Answer: the unified theory of cake

"Ideally, the spouse is unaware of the AP, because that means the cheater has unfettered access to cake. After discovery, however, many cheaters will go to tremendous lengths to maintain cake. Cake eating is confusing to chumps. Chumps tend to think of affairs as competitions – it’s me or him! Or what does she have that I don’t have? Chumps see marriage through their own lens, of monogamy and commitment to one person. If they are not committed to me, a chump thinks, then they’re for the AP. So who’s it gonna be?

Cake eaters do nothing to dissuade a distraught chump from this line of thinking. They would prefer a competition in which they are the center of the drama — all attention is on them! And a catfight ensues over their fabulousness. Cheaters would prefer you not discover their cheating, but if it must be revealed, this is how they’d like to see it play out. You try harder to win them back and maybe if you’re lucky, they’ll choose you! "

www.chumplady.com/2012/04/the-unified-theory-of-cake/

MrsWhisker · 17/02/2020 07:47

The separation is harming your marriage?

Your marriage is broken.
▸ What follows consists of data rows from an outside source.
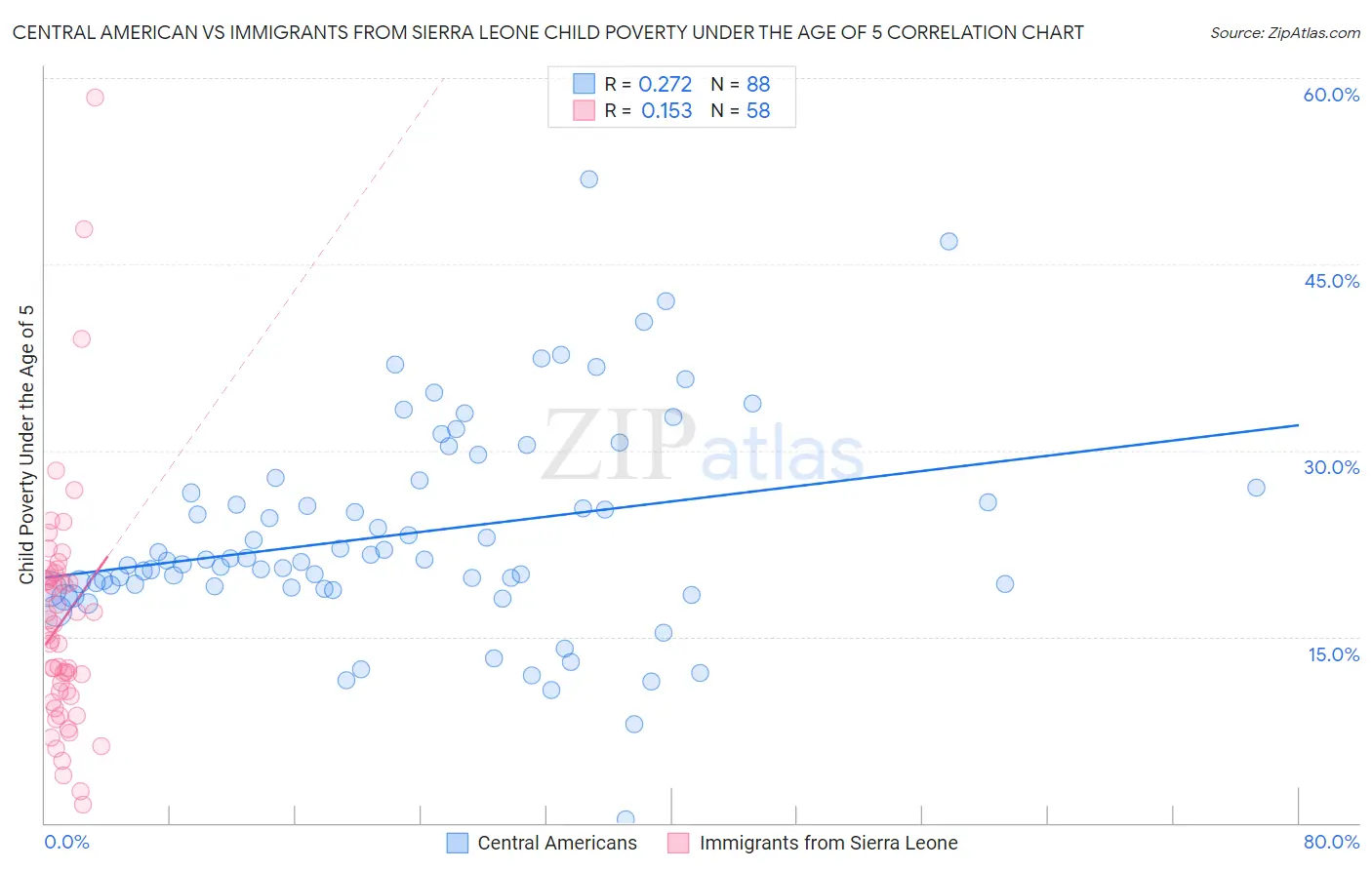 Central American vs Immigrants from Sierra Leone Child Poverty Under the Age of 5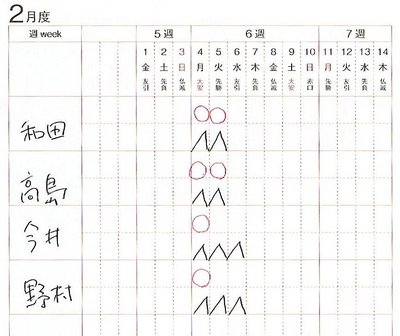 営業成績をアップさせる手帳の秘密は、ひと目でわかる月間目標管理表だった！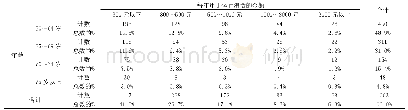 《表1 年龄及每年用于体育消费的金额》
He broke it. He has ruined it.

I don't see how it can be saved at all.

I really hope that you bin him properly and see a solicitor.

Dozer · 17/02/2020 07:52

Is your H’s business shared with you, or his alone?

That will need to be worked out too.

Him having paid a lot of company money to OW’s business adds another level to his nasty actions IMO.

As for “saving” the marriage, if he wanted to stay married he wouldn’t be behaving in the way he now is.

Clutterbugsmum · 17/02/2020 07:57

He said the separation is to save the marriage whereas I think it’s harming it. How can you make amends to someone if you never see them?!

He doesn't want to save the marriage, he wants YOU to be unable to cope with life that YOU want him back and then he can continue to live his life with YOU looking after him and his home, while he gets to behave how he likes whether he hurts YOU or not.

Have any of your children said anything to him about his behaviour and how he treating you.

I only ask as when my parents divorce when I was around 20, my dad tried to say incorrect things about my mum I told him the truth about how HIS behaviour affected all of us and I think it was the only time he admitted to me and more importantly to himself that this what was happened was all his own doing,

Filly2011 · 17/02/2020 08:10

It’s his company but part of joint assets I guess.

OP posts:
Filly2011 · 17/02/2020 08:12

Kids have said nothing to him so far.